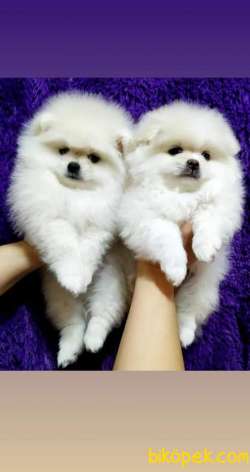 Özel Pomeranian Boo Yavruları 1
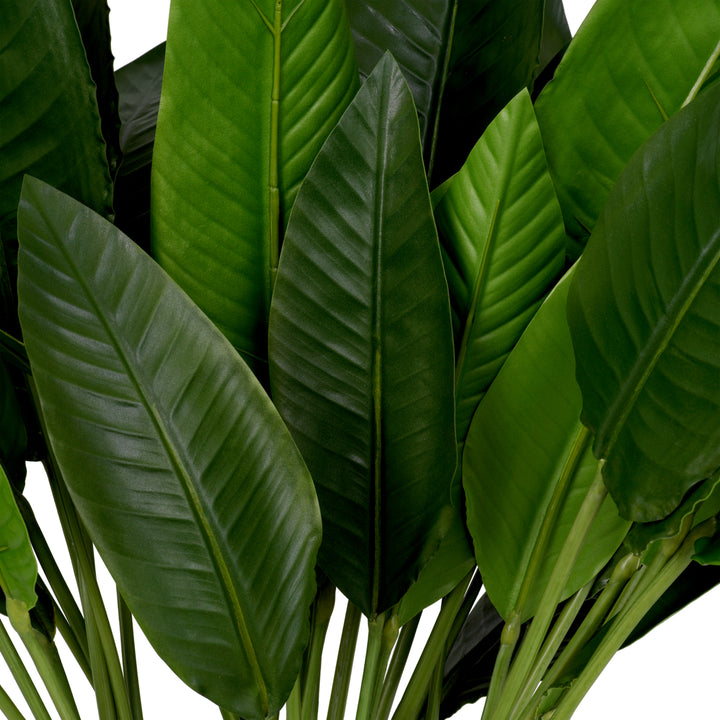 Eichholtz Strelitzia Bladeren Set van 36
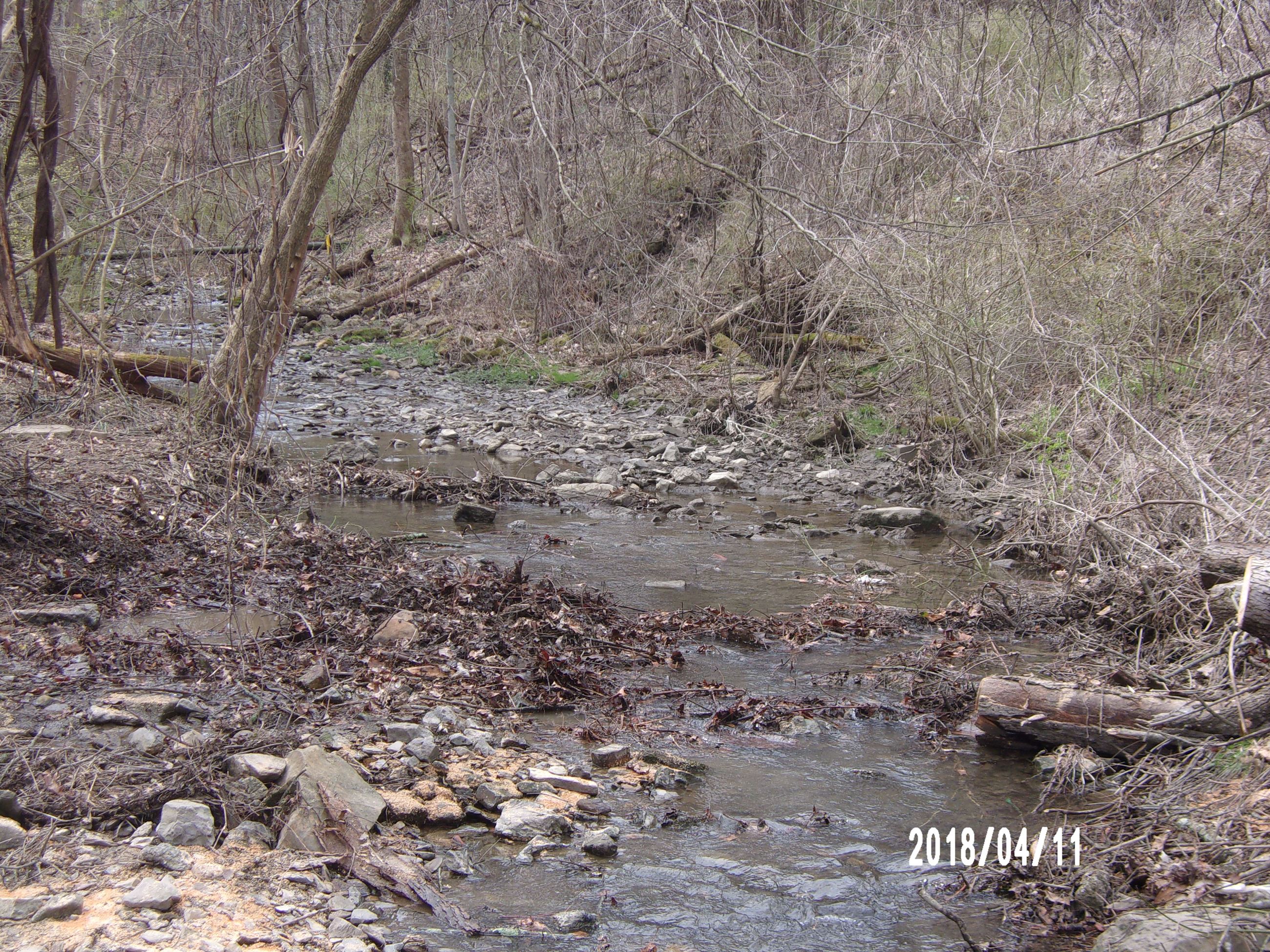 Water Flowing in Stream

* _HOW TO COMPLETE THIS TASK_
What is needed is the listing above, repeated verbatim, without its images.

* _ANSWER SECTION_
 Özel Pomeranian Boo Yavruları 1
 Eichholtz Strelitzia Bladeren Set van 36
 Water Flowing in Stream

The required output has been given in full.